If you plug c into the Lorentz transformation you get an infinity, which doesn't tell you anything particularly useful.

There's no physical way to accelerate to light speed, so it's meaningless to make assertions about how the "experience" of travelling at light speed would be different to the (presumably simpler) experience of travelling at < c.

The problem is that relativity is a classical theory, and it says nothing about the underlying physical processes of photon creation/destruction and propagation.

Maybe one day a Theory of Quantum Gravity will fix that problem and provide a detailed low-level picture of what actually happens when things move through spacetime. But we're not going to get there for a while.

In the meantime, we'll carry on using concepts like "position" and "time" without really understanding the mechanisms that generate them.

And if that sounds obvious, it really isn't. It's astounding that the universe knows where everything is and where it's going. Not only does it somehow keep track of all those changing spacetime relationships within a self-consistent system, but it also generates the counterintuitive geometry described by relativity.

How does it do that? No one knows.

2 comments

It's fine to be confused, because the idea that "photons don't experience time" is physically meaningless.

It's just a colloquial description of the fact that the time interval between two events along a null geodesic is zero.
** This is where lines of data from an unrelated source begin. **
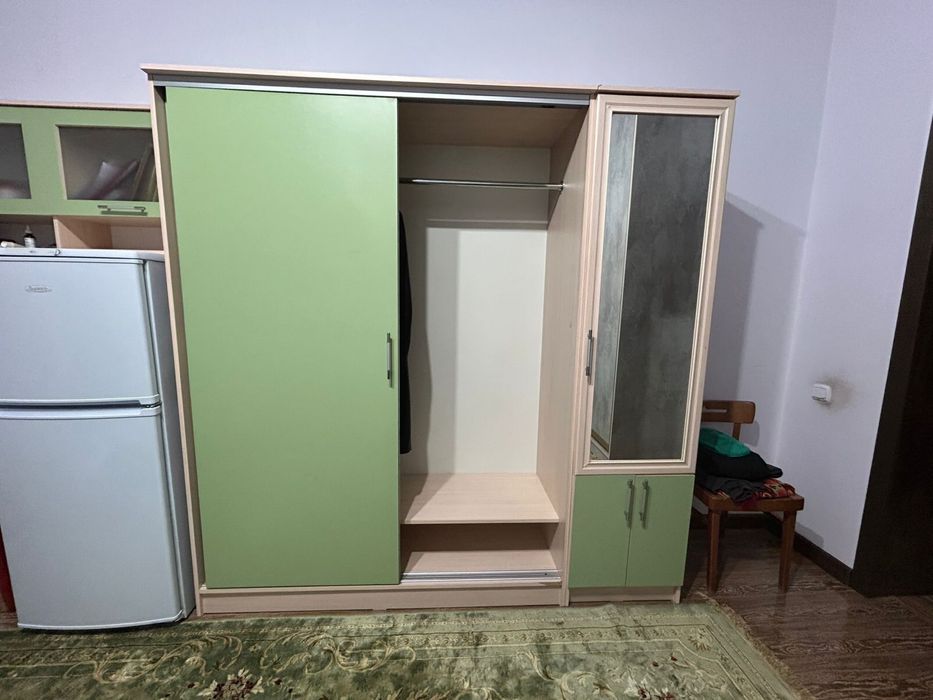 Детская мебель и шкаф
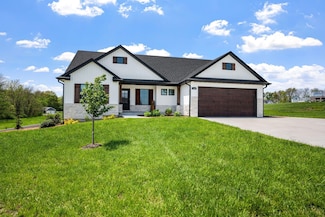 17382 Emily Ct, Boonville, MO 65233
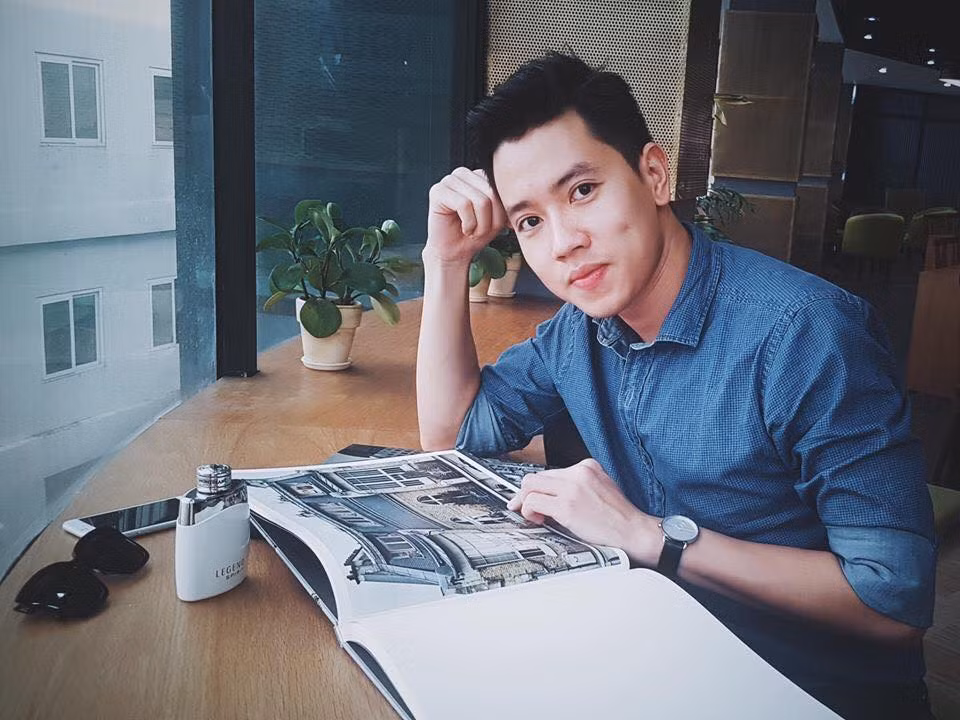 Sở hữu mức lương cao nhưng Quang Đạt ăn mặc khá giản dị nhưng vẫn nam tính. Cơ trưởng trẻ nhất Việt Nam khiến nhiều cô gái tiếc nuối bởi anh đã có bạn gái. Ảnh: FB, IG. Mời độc giả theo dõi Video "Minh Hằng chia sẻ về phong cách thời trang". Nguồn: VTC.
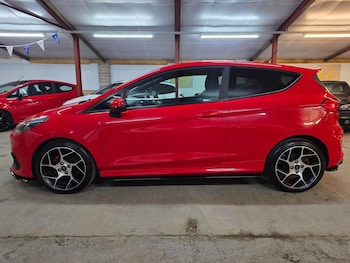 Used Ford Fiesta 2018 for sale - 77104396: Photo
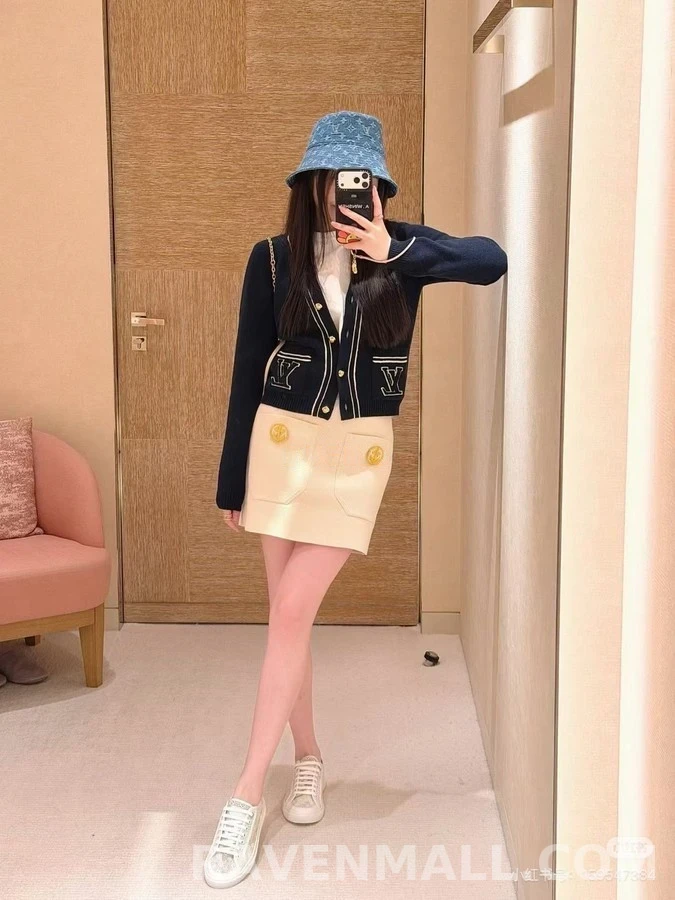 루이비통 루이비통 로고 배색 라인 가디건 상세 이미지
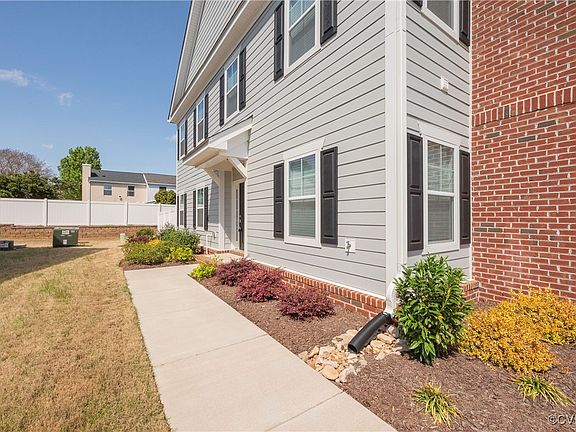 3rd image of 8180 Carriage Homes Dr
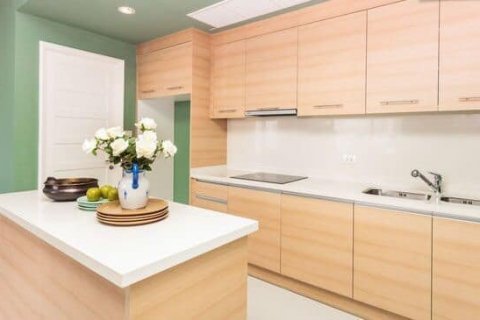 Condo in Khlong Toei, Bangkok, Thailand, 3 bedrooms  № 133770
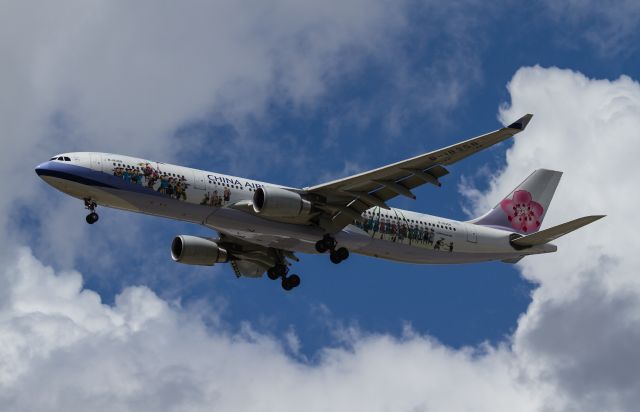 Airbus A330-300 (B-18358) - Masalu Taiwan on finals RWY 01 for the first time in the new livery 23/3/14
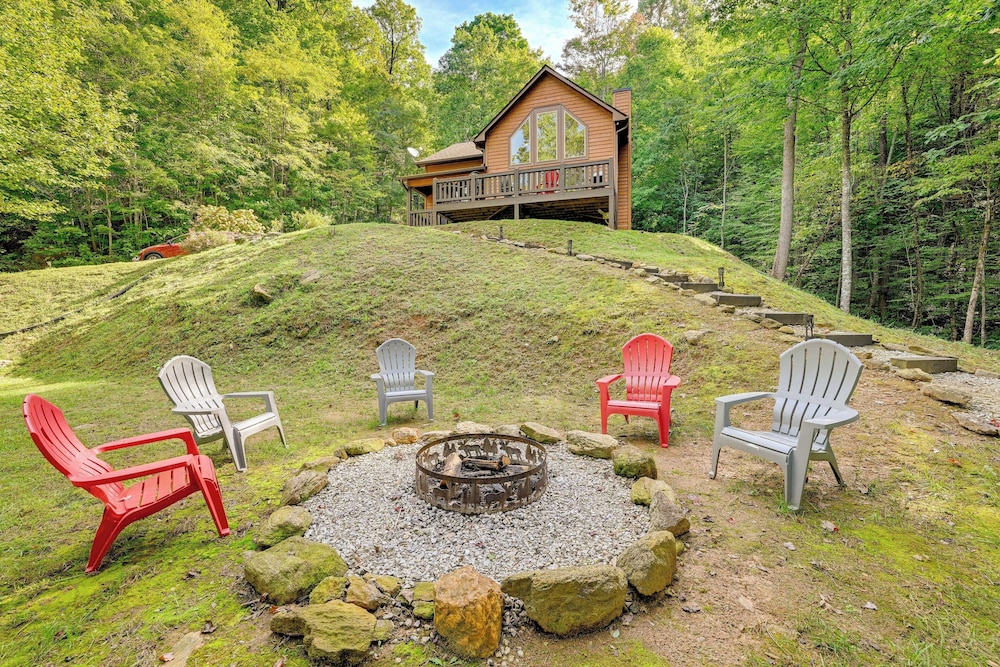 Bright Bryson City Cabin with Fire Pit and Hot Tub — 4-Star Luxury Hotel in Bryson City, United States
But some believe it's God who does this.
This sounds a lot like the common "God of the gaps" argument that Hitchens and others describe, in which a deity or deities are supposedly invoked to explain what we do not yet understand.

Yet it is fascinating that (1) any system of thought (including science itself) must rely on axioms; (2) by Godël's incompleteness theorem, no system of thought can prove its own axioms; and (3) thus it would seem that faith is inescapably required to believe in anything at all.

When evaluating world views, perhaps the best metric is to evaluate which of them requires the least faith.

For my part, when considering the known universe's mere existence, atheism seems to require a lot more faith than theism.

Another way to look at it, is a requirement to accept uncertainty - the existence of unknowns - or indeed "unknowables".

To each their own - but I don't see "There are some things we cannot describe in our system of knowledge" as a particularly strong proof for the existence of God.

Perhaps some of us have been imbued with an unhealthy and naive lust for certainty, in part by an education system that put an emphasis on right and wrong answers rather than on the quest for better questions?

There's a lot of difference between "there are some things we cannot know" and "all systems of belief rest on axioms that must be taken on faith".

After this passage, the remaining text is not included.